This morning’s edition of the Newsroom daily briefing includes an interesting article about the results of an Official Information Act release showing that there were “hundreds of non-compliant companies but few charges”. The point the article is seeking to sheet home is that this is yet another example of a public sector culture of “education over enforcement”.

Unfortunately, the article cites, as a comparison, the recent concerns with NZTA. From where I sit, the comparison stretches the bounds of credibility. This is not what I have come to expect from Newsroom – whose excellent research and thought-provoking articles have made it one of my ‘go to’ news sources in the last 12 months.

First, some data

Newsroom’s interrogation of the Official Information Act release is interesting, and notes that:

• the Companies Office received just over 1,000 matters for consideration in the 2017/18 financial year;
• these were whittled down to 750 – and the Companies Office worked with the affected companies to secure compliance in 250 cases;
• 170 companies were considered for director prohibitions;
• just over 100 complaints were not progressed due to the companies being placed into liquidation;
• a “full” investigation was carried out into 150 matters – to determine whether serious breaches of the Companies Act had occurred; and
• just under 50 charges were laid against 11 people (although a number of investigations remain ongoing) – and a further 9 people were convicted in relation to charges laid in previous years.

To give this some context, which the article did not, at 31 December 2018 there were 619,000 companies registered – and the companies register is searched approximately 500,000 times per month.

Enforcement criteria

Where the Newsroom article is enlightening is in its discussion of the Companies Office enforcement criteria.
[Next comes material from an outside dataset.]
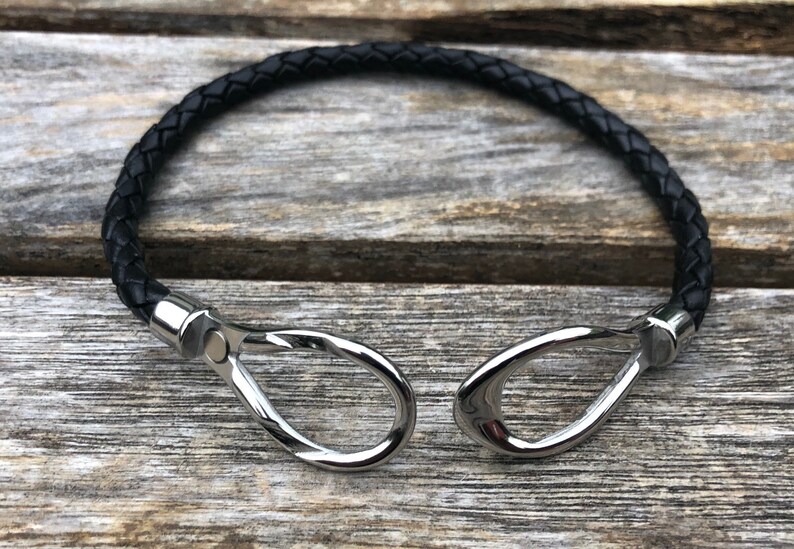 May include: A black leather bracelet with silver metal clasps. The bracelet is braided and has a simple design.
Helpfully, it notes that the Companies Office has a range of measures at its disposal (rather than just prosecution) including formal warnings and cancelling registration.

The article continues by noting that Companies Office’s guidelines set quite a high bar for prosecution. The factors considered include the seriousness of offending, the extent to which it constitutes an abuse of corporate structure, and the history of offending.

At this point, the article diverts the reader to a discussion about the Japanese-owned Optimus Group, that failed to adequately disclose its ultimate ownership – as a result of late and/or incomplete filings with the Companies Office for more than a year. Newsroom ran an interesting article late last year, about Optimus Group in the context of the goings on at NZTA – highlighting allegations of inadequate management of conflicts of interest in the area of importing and testing/certifying of vehicles. But it continues to seek to criticise the Companies Office for concluding that there was no public interest in prosecution – seeking instead to correct the register information (albeit in a timeframe approx. 35 times longer than that specified by the Companies Office).

When to prosecute?

Companies Office filings must be truthful. Filing a false declaration is a serious offence, attracting maximum penalties of up to 5 years in jail or a maximum fine of $200,000.

However, the Companies Office enforcement policy aims to achieve compliance rather than penalising. This is consistent with the Solicitor-General’s guidelines and seeks to ensure that the taxpayers’ resources are applied only to the most serious breaches. This is also consistent with the aims of the regulator to maintain New Zealand’s status as an easy place in which to start and conduct a business.

This approach does require a certain number of trade-offs – aimed, amongst other things, at seeking to ensure meaning that business is conducted above the radar and visible to regulators (including the IRD) and the public. At nearly half a million searches of the Companies Office register a month – the reader could argue that such a high level of public scrutiny yielding just over 1,000 matters for consideration was a pointer to that public scrutiny resulting in a high level of compliance.

And the criteria applied to decisions about how best to apply the taxpayer’s resources (to prosecute) should sound familiar. By way of example, they are the same as those applied by the FMA when it announced, late last year, that despite some concerns – it would not pursue prosecutions in relation to announcements made by the failed Wynyard Group. Instead, both the FMA and NZX used this as a case study to highlight the need for systems and processes to ensure regulatory compliance.

Concluding comments

I do not, for a second, suggest that the Companies Office should be treated as a soft touch and that the Newsroom article is evidence that there is a culture of non-compliance because the market knows that the can get away with it. Instead, the benefit of three decades’ experience tells me that the approach of seeking to achieve compliance with statutory obligations rather than seeking to pinging companies and their directors for every footfault – is working.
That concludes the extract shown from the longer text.